[Pythonmac-SIG] Opening a Cocoa window from a Python C extension
Bob Ippolito
bob at redivi.com
Tue Feb 10 08:22:25 EST 2004
On Feb 10, 2004, at 3:37 AM, Michiel Jan Laurens de Hoon wrote:
> I am porting PyGist (a scientific plotting package for Python, mainly
> written in C) to Mac OS X. PyGist was originally written for
> Linux/Unix machines and was recently ported to Windows. For the Mac OS
> X port, I am using Cocoa to create the graphics windows and calls to
> CoreGraphics for the actual drawing. The graphics work fine, but there
> is still a problem with Cocoa windows created from a Python C
> extension module.
>
> I create my window with
>
> window = [ [NSWindow alloc]
> initWithContentRect: rect
> styleMask: style
> backing: NSBackingStoreBuffered
> defer: NO];
>
> and try to show the window with
>
> [window orderFront: nil];
>
> The window is displayed and everything seems to be working fine;
> graphics are also drawn correctly. The window becomes the key window
> if I click in it, however the previous key window also stays key, so I
> end up with two key windows at the same time. In addition, cursor
> events are not handled correctly (which I need for zooming and reading
> out coordinate values).
>
> I wrote a little test program to find out what is happening. It turns
> out that the test program works correctly if it is located in a
> directory test.app/Contents/MacOS/test. However, if I move the "test"
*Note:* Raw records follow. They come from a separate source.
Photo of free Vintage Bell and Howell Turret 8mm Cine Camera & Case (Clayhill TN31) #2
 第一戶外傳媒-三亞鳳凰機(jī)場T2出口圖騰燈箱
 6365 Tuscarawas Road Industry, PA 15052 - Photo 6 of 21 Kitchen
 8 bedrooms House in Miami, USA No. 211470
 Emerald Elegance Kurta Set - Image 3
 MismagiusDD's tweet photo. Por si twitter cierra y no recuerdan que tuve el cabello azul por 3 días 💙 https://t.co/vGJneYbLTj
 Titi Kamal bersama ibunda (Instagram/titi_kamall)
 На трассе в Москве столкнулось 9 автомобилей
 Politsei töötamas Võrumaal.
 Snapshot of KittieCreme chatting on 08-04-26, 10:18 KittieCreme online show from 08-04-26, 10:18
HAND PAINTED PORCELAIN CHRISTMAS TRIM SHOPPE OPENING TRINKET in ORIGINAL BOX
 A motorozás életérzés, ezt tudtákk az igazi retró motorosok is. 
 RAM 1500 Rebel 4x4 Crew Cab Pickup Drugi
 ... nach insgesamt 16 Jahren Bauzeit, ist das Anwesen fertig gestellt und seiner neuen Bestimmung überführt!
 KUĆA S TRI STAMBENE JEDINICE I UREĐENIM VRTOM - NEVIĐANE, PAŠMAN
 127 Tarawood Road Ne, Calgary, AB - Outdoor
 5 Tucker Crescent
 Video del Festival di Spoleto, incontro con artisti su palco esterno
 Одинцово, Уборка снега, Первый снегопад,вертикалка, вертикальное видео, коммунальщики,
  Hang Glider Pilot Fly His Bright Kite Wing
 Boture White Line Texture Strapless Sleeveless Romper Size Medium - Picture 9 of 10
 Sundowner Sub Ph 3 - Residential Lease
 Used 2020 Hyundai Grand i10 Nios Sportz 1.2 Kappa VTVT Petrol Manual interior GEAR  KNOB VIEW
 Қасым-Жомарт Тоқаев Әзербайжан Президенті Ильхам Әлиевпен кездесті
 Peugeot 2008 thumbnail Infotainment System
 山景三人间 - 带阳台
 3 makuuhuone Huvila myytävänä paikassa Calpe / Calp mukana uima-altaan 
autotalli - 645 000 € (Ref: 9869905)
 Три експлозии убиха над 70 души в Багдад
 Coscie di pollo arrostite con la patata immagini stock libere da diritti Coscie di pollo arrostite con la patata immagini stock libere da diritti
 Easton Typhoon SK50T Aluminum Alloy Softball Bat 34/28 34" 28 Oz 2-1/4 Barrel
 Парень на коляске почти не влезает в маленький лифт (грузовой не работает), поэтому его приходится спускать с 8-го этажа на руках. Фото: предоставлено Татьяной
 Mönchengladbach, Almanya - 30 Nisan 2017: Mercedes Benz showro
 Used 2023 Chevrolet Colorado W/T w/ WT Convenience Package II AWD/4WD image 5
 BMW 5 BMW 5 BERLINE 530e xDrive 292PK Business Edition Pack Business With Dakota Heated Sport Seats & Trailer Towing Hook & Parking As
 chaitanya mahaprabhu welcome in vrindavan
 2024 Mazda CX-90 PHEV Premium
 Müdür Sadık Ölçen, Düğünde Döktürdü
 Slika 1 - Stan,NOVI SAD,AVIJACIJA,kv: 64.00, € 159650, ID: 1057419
> program to a different directory it shows the same problem as a window
> created in the Python C extension, even though the test.app directory
> is otherwise empty.
>
> The problem may therefore be that the window that I am trying to open
> should be somehow linked to the Terminal.app from which I am running
> Python in order for it to be recognized as a bona fide window. Does
> anybody know the right way to do this?
Applications in OS X *must* be run from a bundle. Run your script with
pythonw, build a bundle yourself (as you did), or use bundlebuilder.
See http://pythonmac.org/wiki/FAQ . It has absolutely nothing to do
with Terminal.app.
You may also want to consider using PyObjC instead of writing ObjC code.